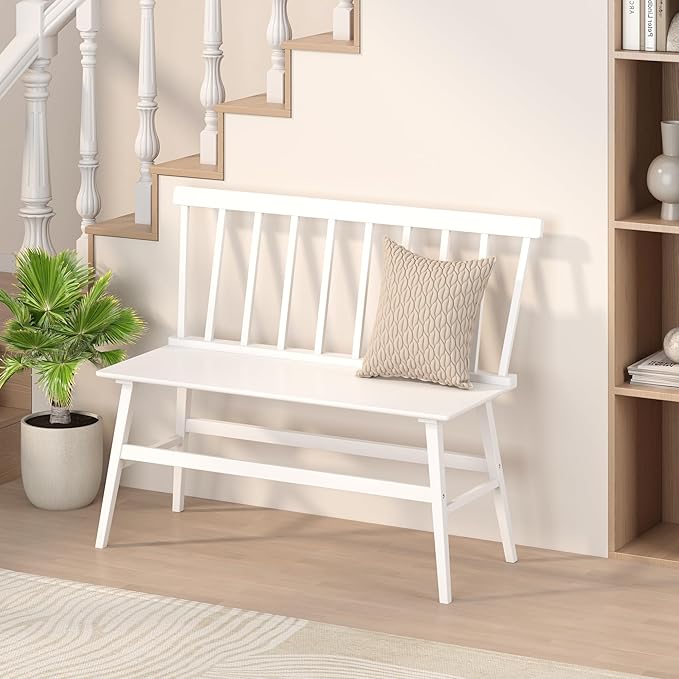 Bamboo Dining Bench, Wooden White Entryway Bench - Image 7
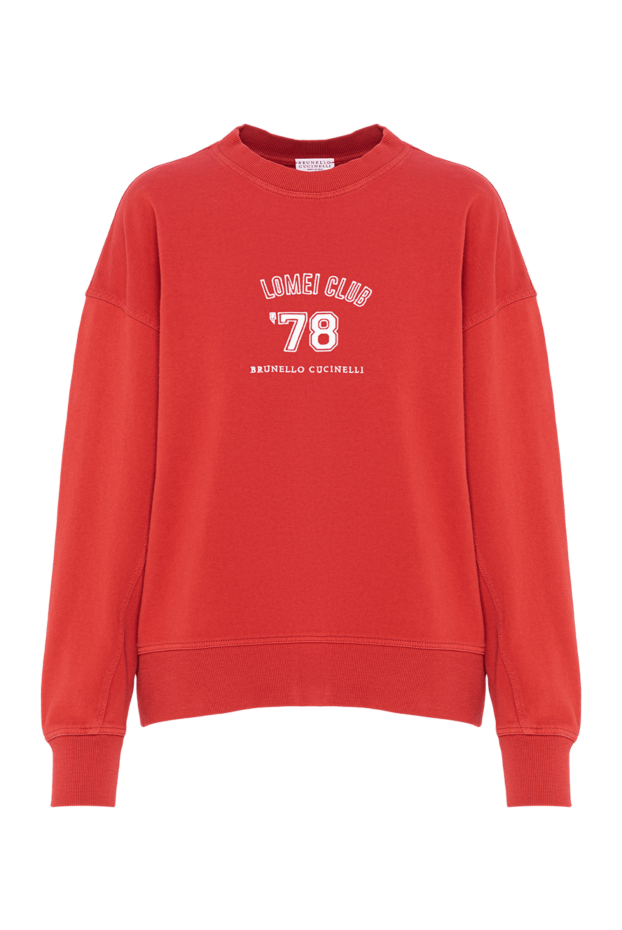 Women's red sweatshirt in a sporty style with vintage elements - photo 1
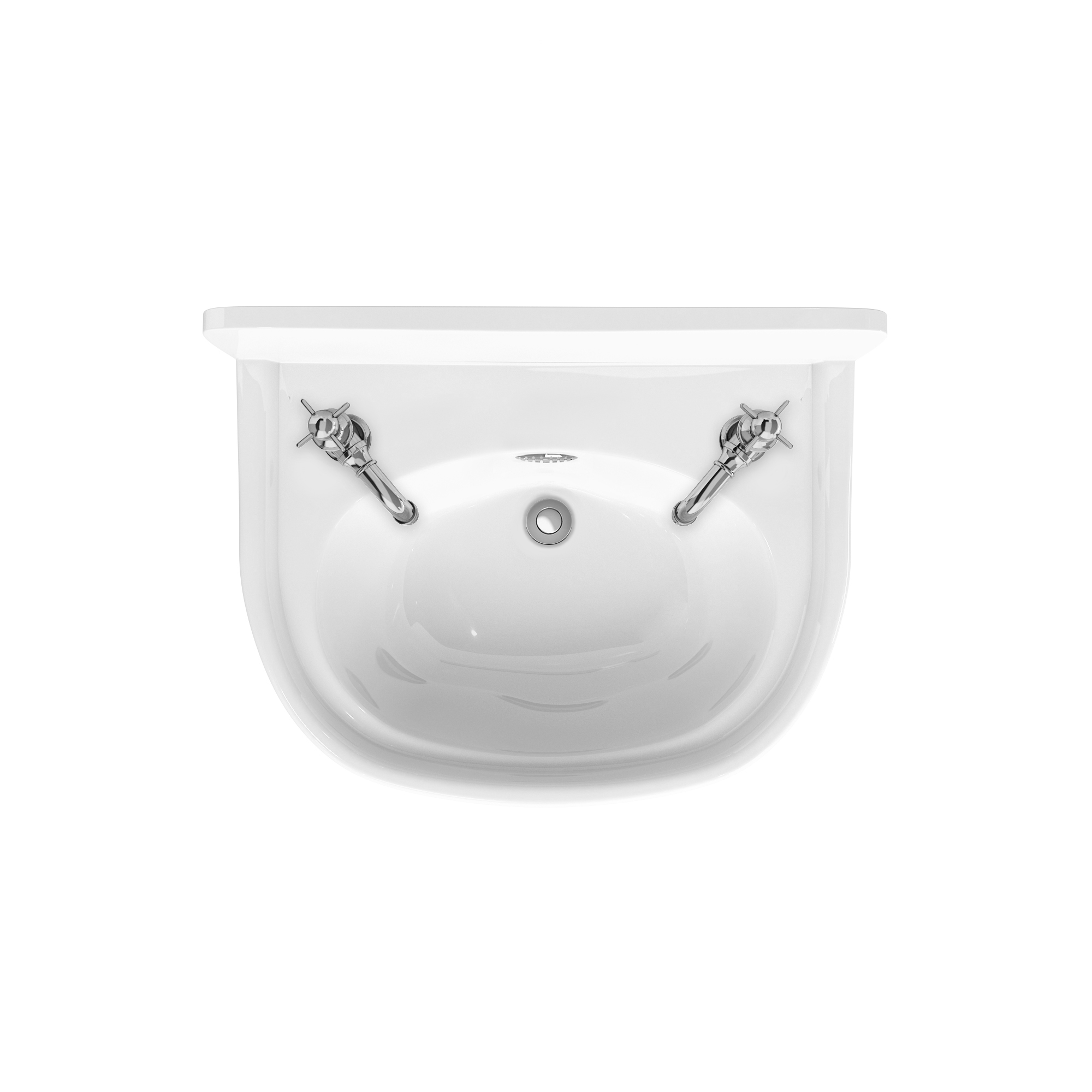 Arcade 500mm cloakroom basin with chrome overflow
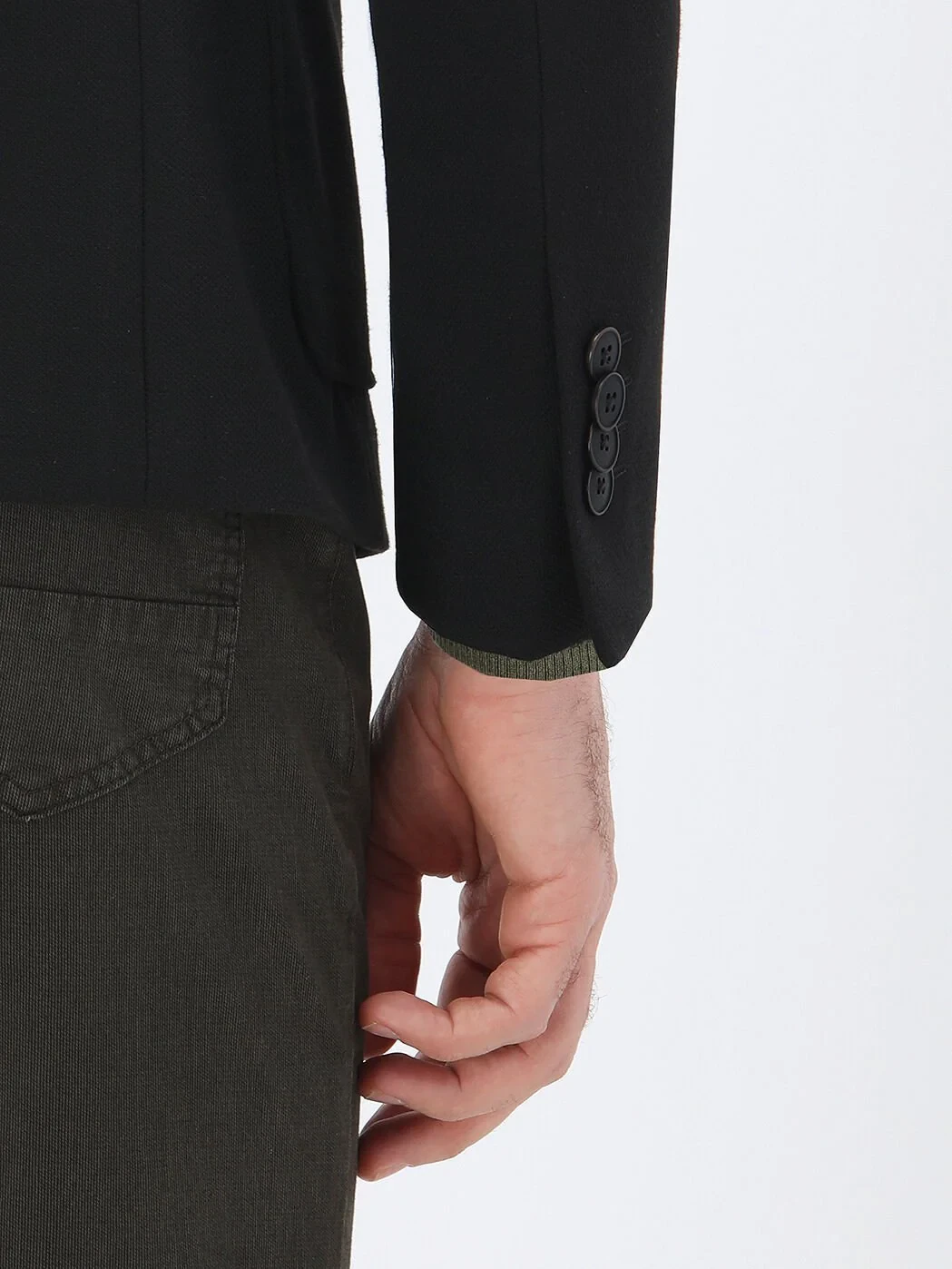 Black Plain Slim Fit Jacket - 4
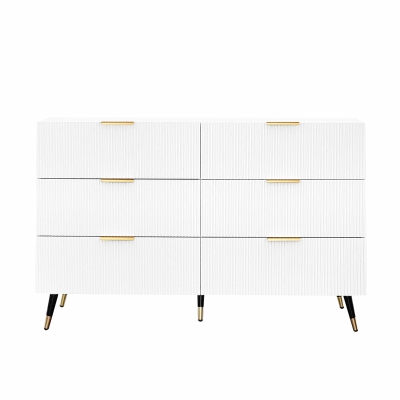 Elegant Sideboard with Modern Design, White+Gold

__WORK ORDER__
Lines from the one with "Black Plain Slim Fit Jacket - 4" through the final line of the listing above: copy them exactly, both ends included, and omit every picture.

__SOLUTION BELOW__
 Black Plain Slim Fit Jacket - 4
 Elegant Sideboard with Modern Design, White+Gold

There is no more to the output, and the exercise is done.